Sermon FRS 26 July 2025 – Sedrah Mattot-Masei

A Place In The Sun

The Book of Numbers comes to an end with a chapter listing the stopping-off places of the Children of Israel on their legendary 40-year journey through the wilderness. More than forty places are mentioned – we read the first ten today (Numbers 33:1-10), ending with the Sea of Reeds, south of where they began. That first year, they hadn’t travelled in a circle exactly – but they were still hugging the shore of the Sea, a constant reminder of that miraculous escape from their Egyptian pursuers. 

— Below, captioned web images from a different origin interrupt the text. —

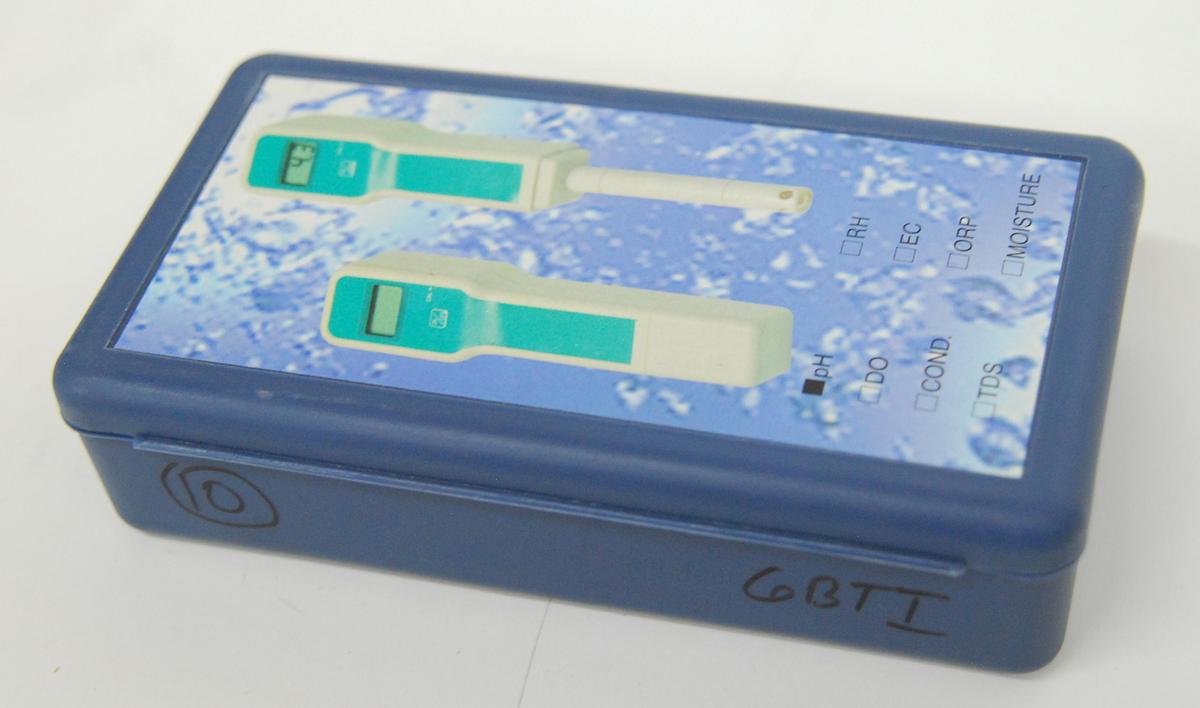Used General PH501 Digital Pocket pH Meter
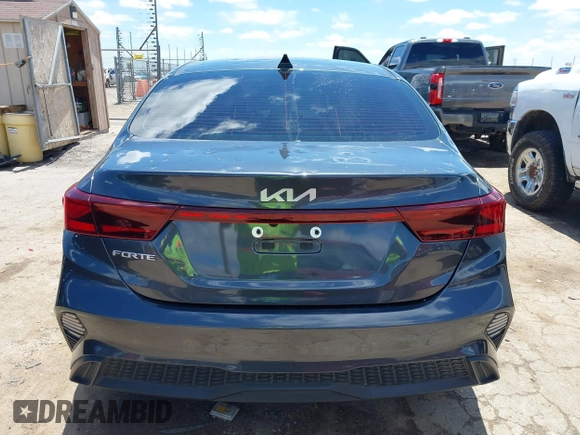 2024 Kia Forte LXS z VIN 3KPF24AD9RE819395, wystawiony jako IAAI lot #42182642 z przebiegiem 14 778 mil mil oraz . Historia ofert i sprzedaży dostępna na DreamBid. Obrazek 16.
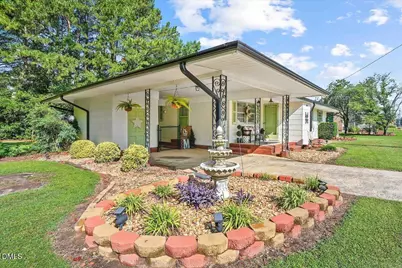 206 E Main Street, Micro, NC 27555 - Photo 6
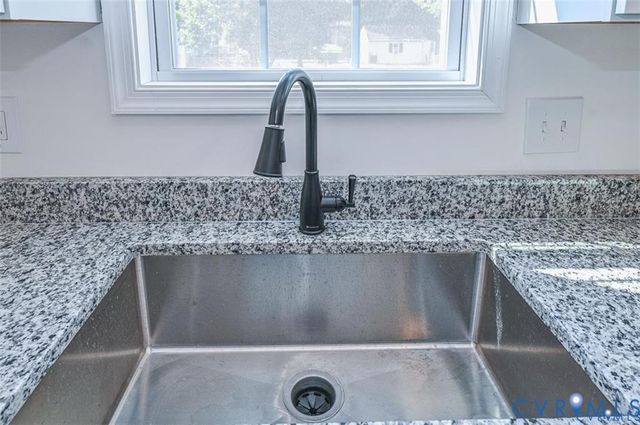 993 Swan Ln, Ruther Glen, VA 22546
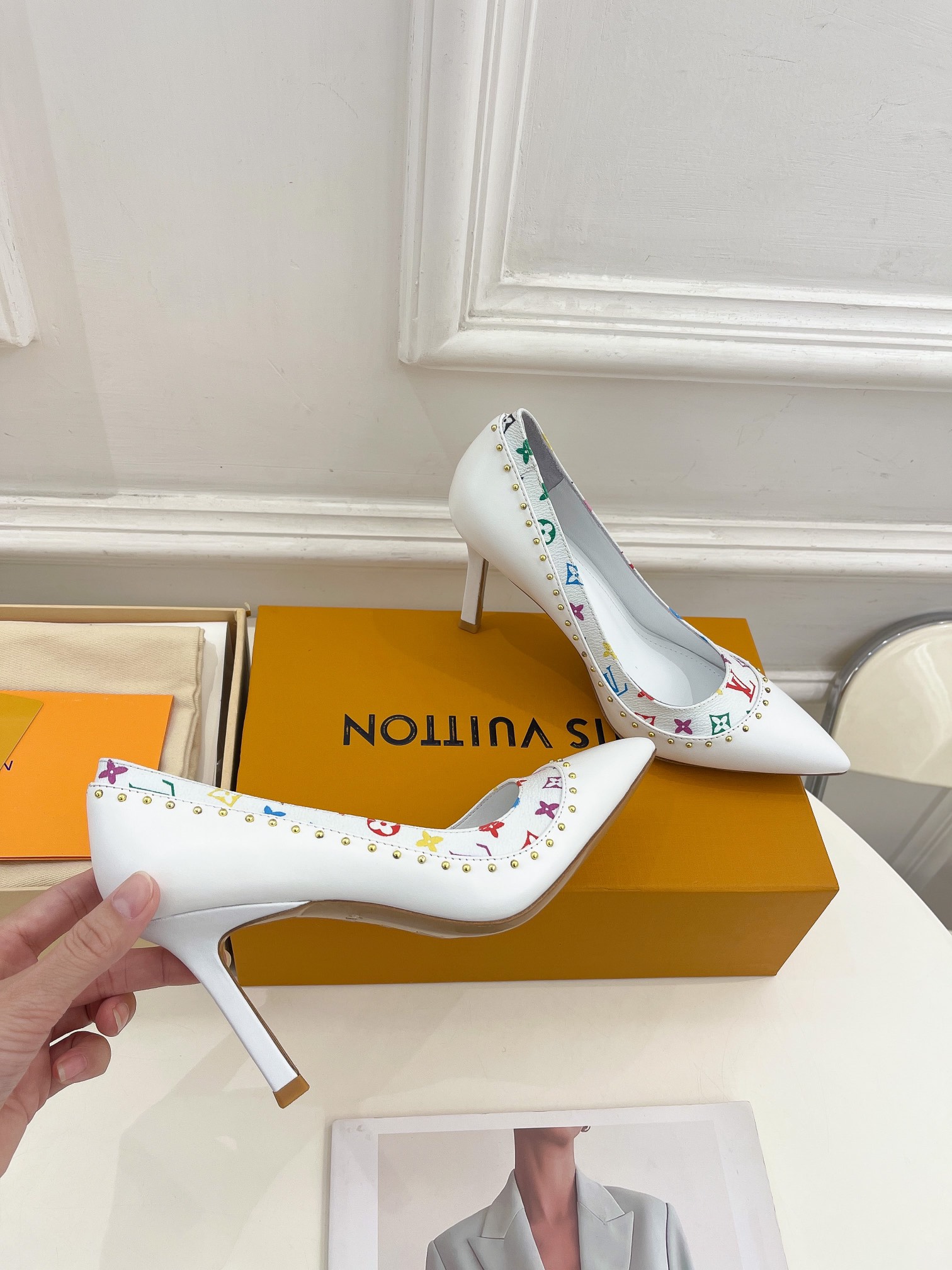 L0vis Vvtt0n Signature Pump White For Women 9.5/3.7in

As the people come to the end of their wilderness wanderings, the text portrays Moses writing down these names, with a historian’s meticulous attention to detail: each place they set up camp is to be remembered, stages of what must have felt like an interminable journey (33:2). Writing down the names, and the chronology of the journey, points to the importance of having a record for the future. As if guarding against any complacency, the Biblical storytellers seem to be saying:  you will need to remember this when – if - you find a homeland: homes can be temporary, and no home lasts forever.  Be prepared to be “a pilgrim tribe housed not in place but in time, not rooted but millennially equipped with legs” (George Steiner).

In tension with this, part of Moses’ role during those desert wanderings was to keep alive for the people that ancestral hope for an end to unrootedness.  He carried the wish, generations-old, that the  people of Israel might feel a sense of belonging, belonging somewhere. Those ancient storytellers crafted their narratives around this hope – they wove into their texts the poetic vision of a chosen land for a chosen people. God’s people, God’s chosen land. What we don’t often appreciate is that those who composed the Torah created these powerful mythic national themes while in exile from the land of Judea:  the stories were written in Babylon in the 7th and 6th centuries BCE after the people had been displaced from what they had come to feel was their land, although it was a land that had always been shared with others who had lived there before them, the various tribal groups we know collectively as the ‘Canaanites’.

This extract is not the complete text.